Tim Gregory, a partner with Saffery Champness agrees: “Whilst every walk of life has its bad eggs, only an exceptionally unusual lawyer would risk their livelihood by cheating the system, so it seems unlikely that there can be many for HMRC to investigate.
“It is absolutely right for the Government to be cracking down on people who break the rules, and taxpayers should all be pleased that they are doing so, but it seems unlikely that there could be much unpaid tax to be gleaned from the legal profession.”

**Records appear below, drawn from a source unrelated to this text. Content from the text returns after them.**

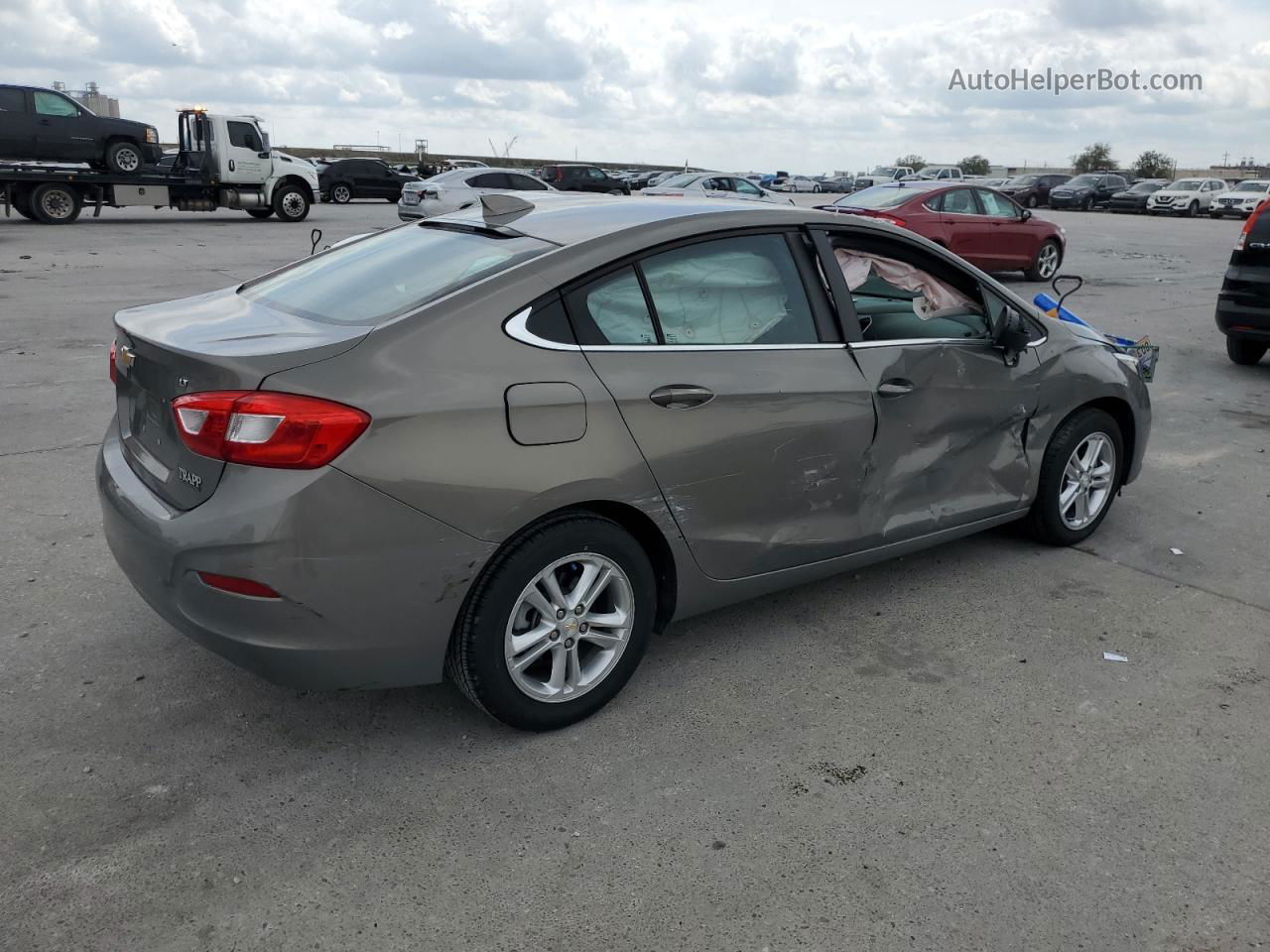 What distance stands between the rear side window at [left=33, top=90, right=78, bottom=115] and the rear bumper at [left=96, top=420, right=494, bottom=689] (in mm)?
23220

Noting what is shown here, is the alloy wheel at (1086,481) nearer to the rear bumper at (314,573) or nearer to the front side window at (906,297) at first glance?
the front side window at (906,297)

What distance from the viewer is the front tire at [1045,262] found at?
17000 mm

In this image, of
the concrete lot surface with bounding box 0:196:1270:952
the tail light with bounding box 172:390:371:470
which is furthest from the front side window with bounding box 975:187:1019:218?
the tail light with bounding box 172:390:371:470

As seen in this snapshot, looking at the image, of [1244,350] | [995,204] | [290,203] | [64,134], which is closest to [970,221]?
[995,204]

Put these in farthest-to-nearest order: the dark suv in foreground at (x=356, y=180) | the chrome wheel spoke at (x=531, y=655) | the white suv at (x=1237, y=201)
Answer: the white suv at (x=1237, y=201) → the dark suv in foreground at (x=356, y=180) → the chrome wheel spoke at (x=531, y=655)

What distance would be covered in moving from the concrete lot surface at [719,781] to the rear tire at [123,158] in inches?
827

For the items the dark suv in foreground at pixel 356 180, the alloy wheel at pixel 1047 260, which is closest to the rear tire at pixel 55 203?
the dark suv in foreground at pixel 356 180

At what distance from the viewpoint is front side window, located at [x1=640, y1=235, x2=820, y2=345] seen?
11.5ft

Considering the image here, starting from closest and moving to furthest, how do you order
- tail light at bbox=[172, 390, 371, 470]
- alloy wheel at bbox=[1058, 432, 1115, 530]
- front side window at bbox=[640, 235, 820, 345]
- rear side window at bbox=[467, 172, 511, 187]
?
1. tail light at bbox=[172, 390, 371, 470]
2. front side window at bbox=[640, 235, 820, 345]
3. alloy wheel at bbox=[1058, 432, 1115, 530]
4. rear side window at bbox=[467, 172, 511, 187]

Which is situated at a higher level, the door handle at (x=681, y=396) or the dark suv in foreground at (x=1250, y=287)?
the dark suv in foreground at (x=1250, y=287)

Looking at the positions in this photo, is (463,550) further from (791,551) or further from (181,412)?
(791,551)

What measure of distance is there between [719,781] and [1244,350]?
8695 mm

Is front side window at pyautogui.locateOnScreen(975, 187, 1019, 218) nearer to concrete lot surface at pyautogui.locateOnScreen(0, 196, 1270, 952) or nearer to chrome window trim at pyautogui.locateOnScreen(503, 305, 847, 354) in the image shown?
concrete lot surface at pyautogui.locateOnScreen(0, 196, 1270, 952)

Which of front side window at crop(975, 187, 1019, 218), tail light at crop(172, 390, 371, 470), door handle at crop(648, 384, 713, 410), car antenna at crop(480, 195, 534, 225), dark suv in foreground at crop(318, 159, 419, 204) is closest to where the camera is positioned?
tail light at crop(172, 390, 371, 470)
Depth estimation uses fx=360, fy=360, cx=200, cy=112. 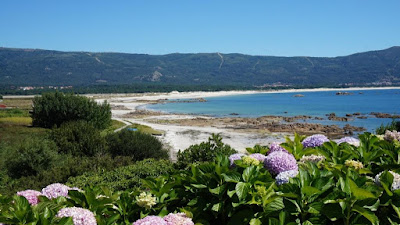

Announcing the crack down, HMRC director general for enforcement and compliance Mike Eland declared: “This is not an empty threat”.
The Bar Council,however, was miffed by the attack. Chair Michael Todd QC said the profession added billions annually to UK plc. Why should they be targeted?
“We were unaware, until yesterday, that HMRC had specific concerns about the tax affairs of lawyers,” Todd said on Tuesday (18 September). “We are concerned that HMRC has chosen to proceed in this manner, rather than using the channels of communication with the relevant professional bodies, which have always been open.”
Concerned though the Bar Council might be, it is happening. With two prosecutions being lined up against barristers it is clear that HMRC is serious. Time to call in the accountants.